While Johnson has remained in the same job, changes have taken place around him. One change has been with the trucks themselves.
“That first bulk truck had a 1,300-gallon tank on it, and we had a little 600-gallon pup trailer we pulled to haul skim milk with,” Johnson said. “The truck I have today has a 6,200-gallon tank.”
Other changes Johnson has seen are in dairy farm numbers and sizes. He has to travel farther on his routes to reach farms which are spread far apart. Johnson said his route radius has gone from roughly 8 miles to 35 miles during his career.
“At my peak, I would probably pick up at 25 or 26 stops a day,” Johnson said. “At every barn you saw then, they were milking cows. Right now, it’s about 10 stops. You travel all over for a load of milk.”
However, each stop has more milk.
“The sizes of the herds have increased immensely,” Johnson said.
The Osakis Creamery Association has also seen changes.
“We built the first fertilizer building on this property in 1975, so we expanded from just milk into agronomy,” Johnson said. “I’ve always stayed with the milk, but the agronomy really gave us a boost.”
During its peak in the 1980s, the creamery was collecting about 500,000 pounds of milk per day. That number has shrunk to roughly 120,000 pounds per day as dairy farms disappear.
Johnson’s connection to the Osakis Creamery Association stretches to before he was born.

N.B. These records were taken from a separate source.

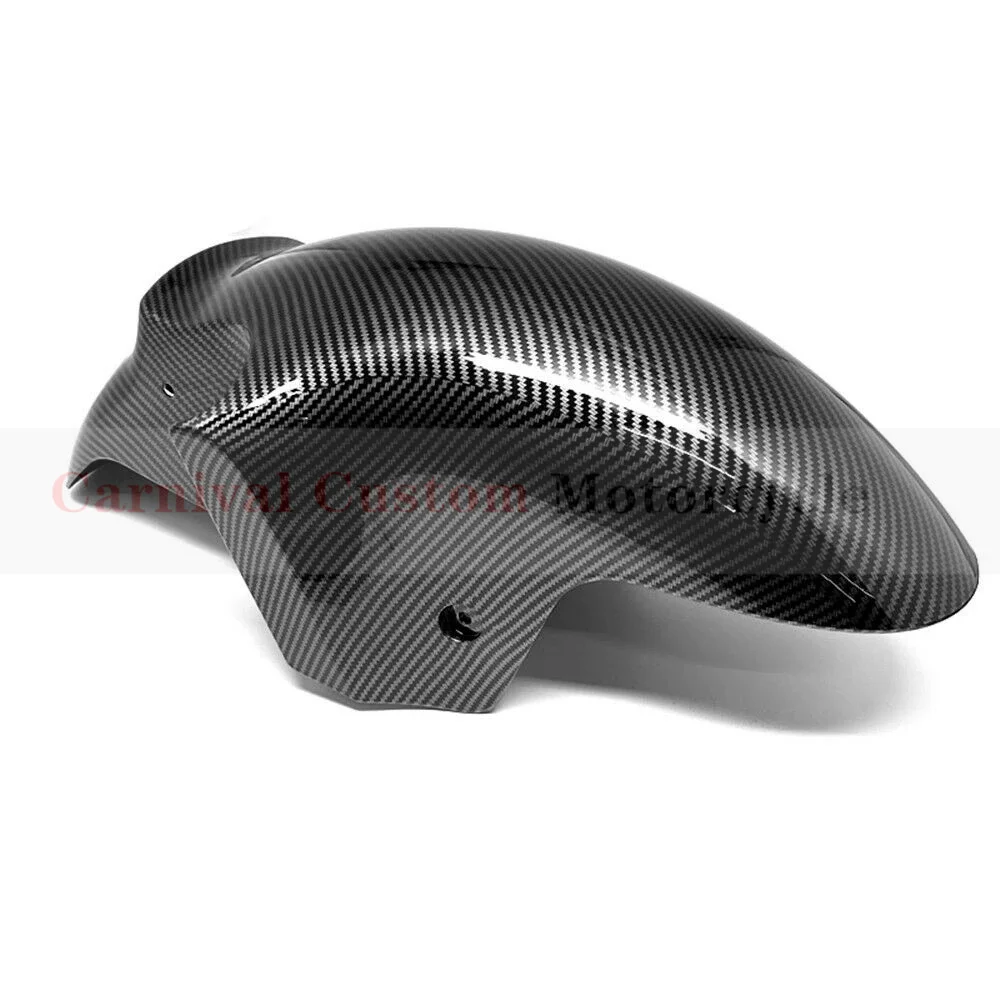 Переднее крыло из углеродного волокна для KAWASAKI ZX12R ZX-12R 2001 2002 2003 2004
Переднее крыло из углеродного волокна для KAWASAKI ZX12R ZX-12R 2001 2002 2003 2004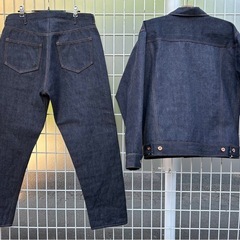 宮城県製の画像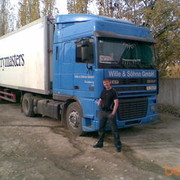  ,   Denis, 38 ,     , c 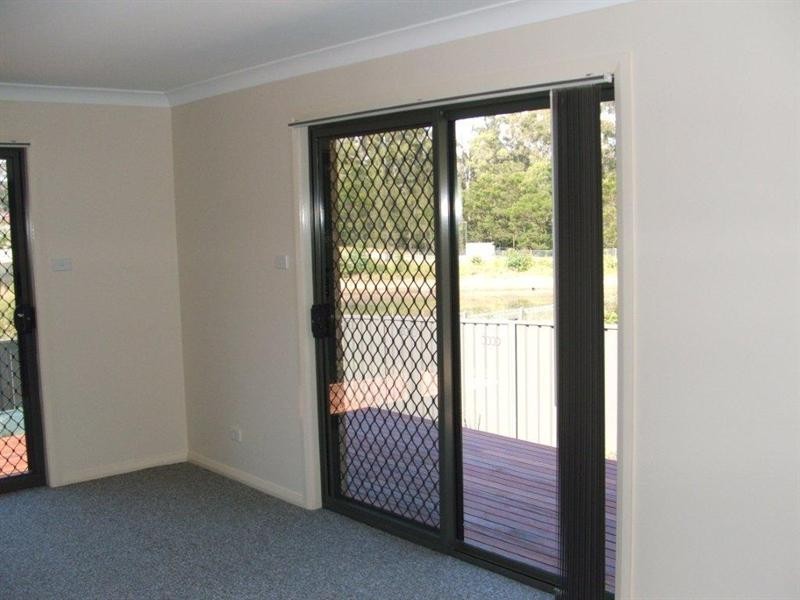 89A Litchfield Crescent, Long Beach NSW 2536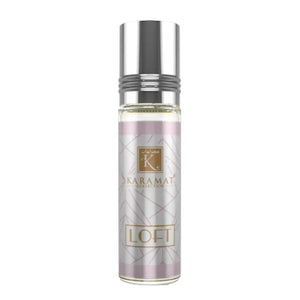 LOFT Parfum Concentré sans Alcool 8ml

Both his grandparents and his parents were patron farmers of the creamery. Johnson still has the billfold his grandfather received from the creamery at its 1959 annual meeting. His father also received a billfold that day, but he died that same year of a sudden heart attack. Johnson remembers his mother using the billfold herself after his father’s death. At 40 years old, Johnson’s mother had to continue farming without her husband and their seven children, the oldest having just graduated.
Johnson graduated in 1967 as the third youngest of the siblings. A war in Vietnam was escalating at the time.
“I knew I was going to get drafted,” Johnson said. “The creamery needed somebody to haul cans (of milk), so I did it then just to kind of fill in. We did have the bulk truck then, so I would do some bulk hauling too.”
That first bulk truck was purchased by the creamery in 1964, but only after 10 farmers had signed on to get a bulk tank at their farms, making the purchase of the truck viable. Johnson’s family farm was one of the 10.
After a while, Johnson left the creamery to take a job doing mechanical work for a car dealership in Alexandria. He continued to help on the farm as well.
Then, Johnson’s prediction came true. He was drafted in 1968 at the age of 19. The next three years found him training for and then serving as a combat engineer, running a bulldozer most of the time during two tours in Vietnam.
When he left Vietnam for the second time in 1971, he was stationed at Fort Leonard Wood in Missouri. There, he met a women named Linda at the nearby bowling alley. They married that year.
Today, the Johnsons have four children, seven grandchildren and three great-grandchildren.
After Johnson’s service, he and Linda returned to Osakis. Interstates 90 and 94 were being constructed, and bulldozing experience was needed. Johnson spent two years working in road construction. He said he loved the work.
“My heart will always be on a dozer doing dirt work,” Johnson said. “My wife says I have diesel fuel in my blood.”
However, as the interstate projects came to an end in 1973, Johnson knew he needed another job. His old employer, the Osakis Creamery Association, was looking for milk haulers.
Once Johnson was hired, he never left.
After 50 years, Johnson said his job still suits him, and he continues to connect with the farm families he serves.
“I really like that Luke Bryon song, ‘Most People Are Good,’” Johnson said. “That’s the reason I like hauling milk. I’ve made many friends through the years. I hope I can keep that the rest of my life.”